A non-disclosure agreement (NDA), also known as a confidentiality agreement, confidential disclosure agreement (CDA), proprietary information agreement (PIA), or secrecy agreement, is a legal contract between at least two parties that outlines confidential material, knowledge, or information that the parties wish to share with one another for certain purposes, but to which they wish to restrict access by third parties. It is a contract through which the parties agree not to disclose information covered by the agreement. An NDA creates a confidential relationship between the parties to protect any type of confidential and proprietary information or trade secrets.
A non-disclosure agreement can protect any type of information that is not generally known.

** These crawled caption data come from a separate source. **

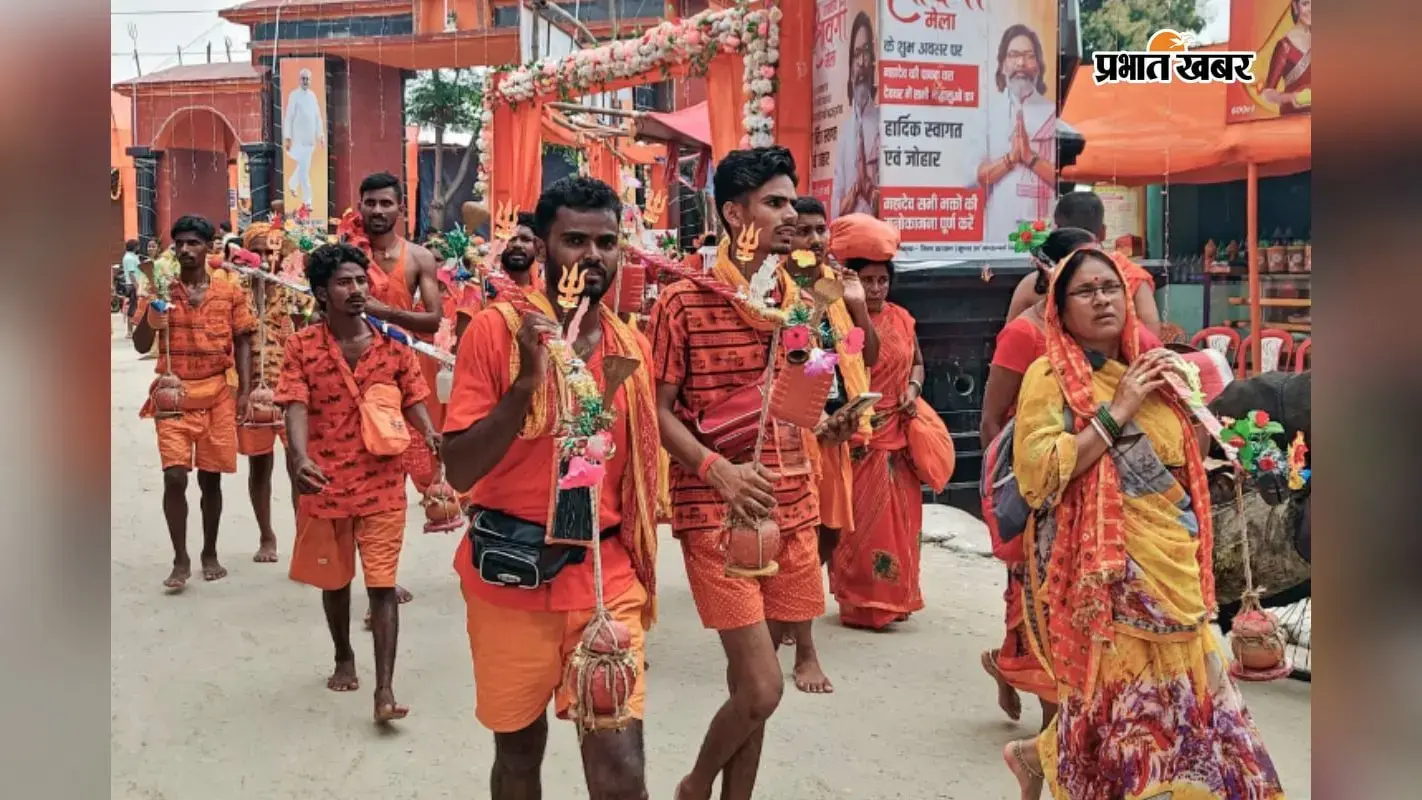 भोले के भक्तों को मिली सौगात, स्वर्णरेखा घाट पर बनेगा 100 बेड का आश्रयगृह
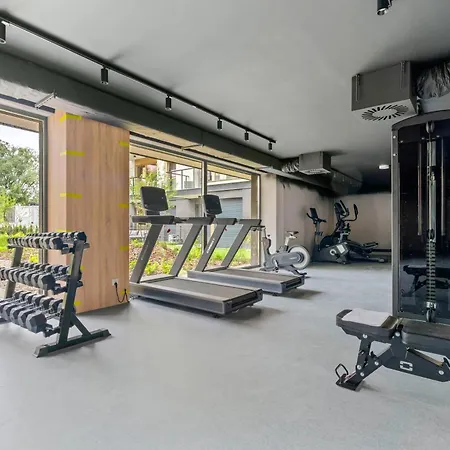 Apartamento Porto Letnica Free Parking & Gym By Alqueen
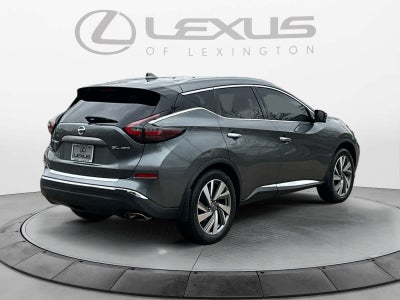 2019 Nissan Murano SL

Some common issues addressed in an NDA include:
- outlining the parties to the agreement
- the definition of what is confidential, i.e. the information to be held confidential. NDAs will typically include a laundry-list of types of items which are covered, including unpublished patent applications, know-how, financial information, verbal representations, customer lists, vendor lists, business practices/strategies, etc
- the disclosure period - information not disclosed during the disclosure period (e.g., one year after the date of the NDA) is not deemed confidential
- the exclusions from what must be kept confidential. Typically, the restrictions on the disclosure or use of the confidential data will be invalid if
- the recipient had prior knowledge of the materials
- the recipient gained subsequent knowledge of the materials from another source
- the materials are generally available to the public
- provisions restricting the transfer of data
- the term (in years) of the confidentiality, i.e. the time period of confidentiality
- the term (in years) the agreement is binding
- the obligations of the recipient regarding the confidential information, typically including some version of obligations
- to use the information only for agreed purposes
- to disclose it only to persons with a need to know the information for those purposes
- to use appropriate efforts (not less than reasonable efforts) to keep the information secure. Reasonable efforts is often defined as a
- standard of care relating to confidential information that is no less rigorous than that which the recipient uses to keep its own similar information secure
- to ensure that anyone to whom the information is disclosed further abides by obligations restricting use, restricting disclosure, and ensuring security at least as protective as the agreement
- types of permissible disclosure - such as those required by law or court order. Many NDAs require the receiving party to give the disclosing party prompt notice of any efforts to obtain such disclosure, and possibly to cooperate with any attempt by the disclosing party to seek judicial protection for the relevant confidential information).